● What you will do
Leave out the pictures, and copy exactly the lines from the line with "Fantasy Niedlich Kittycorn" through the last line of the data below.
--- Entries provided Enclosed Below ---
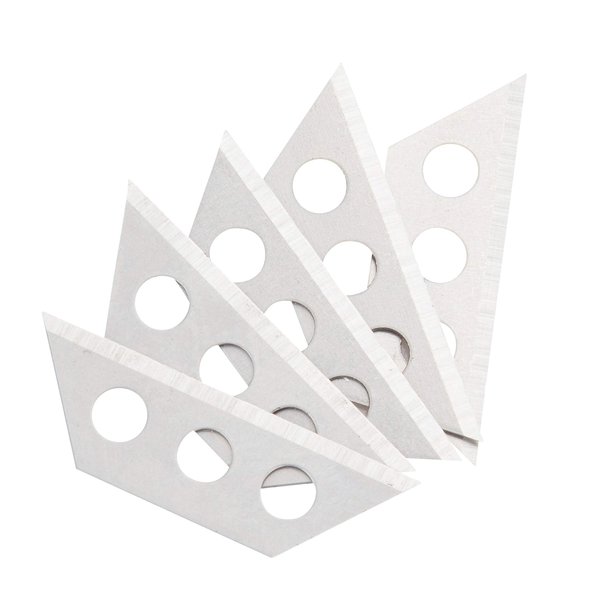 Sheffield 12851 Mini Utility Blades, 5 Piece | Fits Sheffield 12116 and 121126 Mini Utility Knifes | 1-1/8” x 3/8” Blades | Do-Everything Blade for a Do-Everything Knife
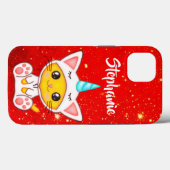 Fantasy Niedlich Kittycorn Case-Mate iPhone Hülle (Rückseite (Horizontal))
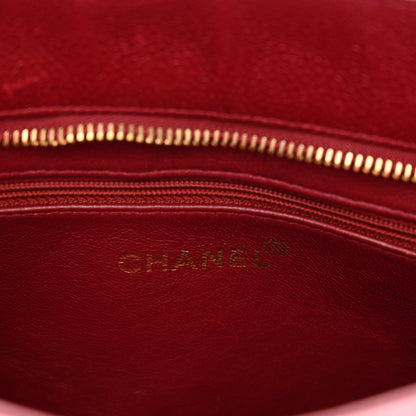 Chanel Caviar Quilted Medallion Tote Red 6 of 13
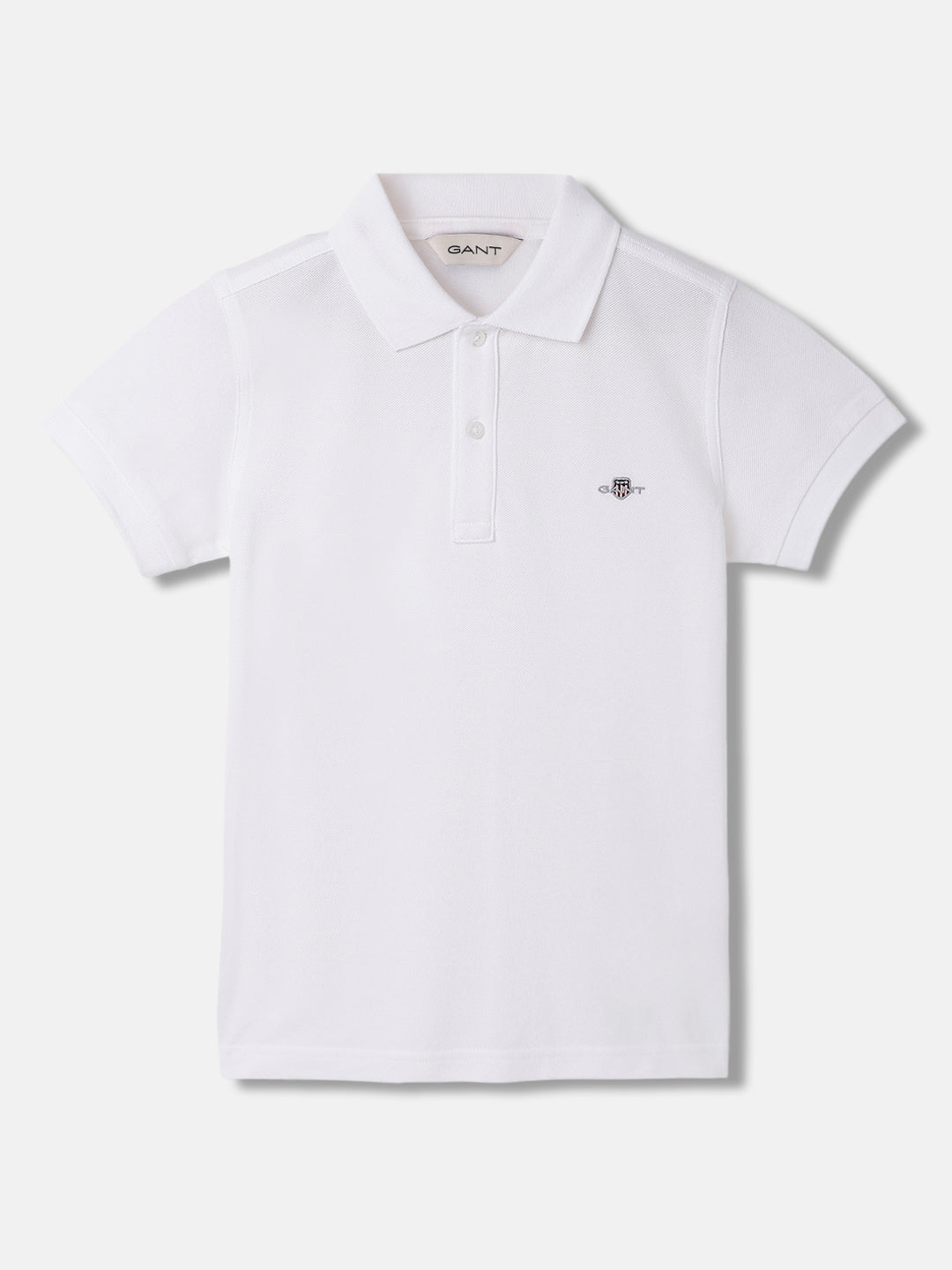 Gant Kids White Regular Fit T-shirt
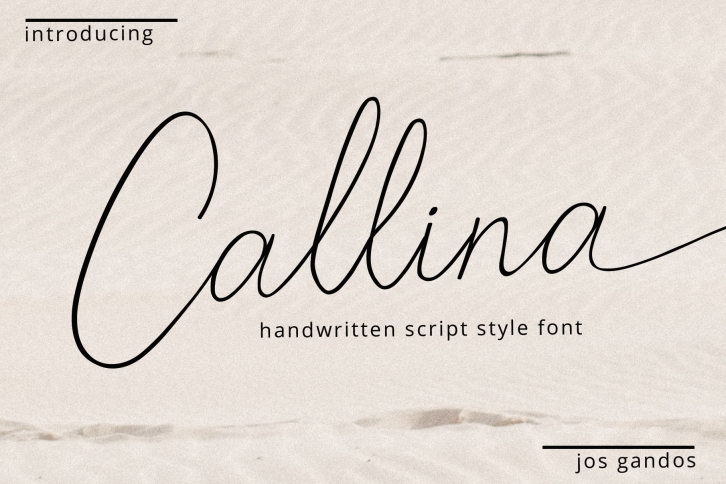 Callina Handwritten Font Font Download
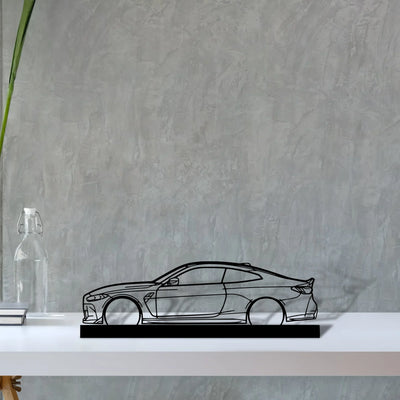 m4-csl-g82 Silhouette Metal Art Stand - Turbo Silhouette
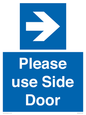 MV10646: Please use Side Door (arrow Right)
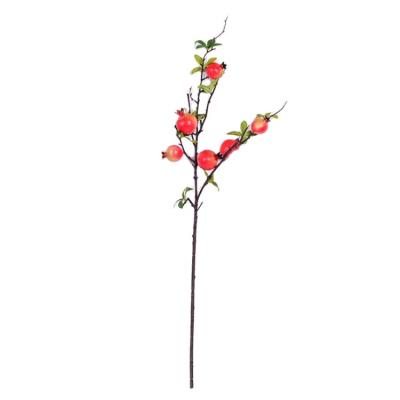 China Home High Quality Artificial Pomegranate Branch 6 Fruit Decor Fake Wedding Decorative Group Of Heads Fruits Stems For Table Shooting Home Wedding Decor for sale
--- End of Enclosed Entries provided ---
● Exercise output
 Fantasy Niedlich Kittycorn Case-Mate iPhone Hülle (Rückseite (Horizontal))
 Chanel Caviar Quilted Medallion Tote Red 6 of 13
 Gant Kids White Regular Fit T-shirt
 Callina Handwritten Font Font Download
 m4-csl-g82 Silhouette Metal Art Stand - Turbo Silhouette
 MV10646: Please use Side Door (arrow Right)
 China Home High Quality Artificial Pomegranate Branch 6 Fruit Decor Fake Wedding Decorative Group Of Heads Fruits Stems For Table Shooting Home Wedding Decor for sale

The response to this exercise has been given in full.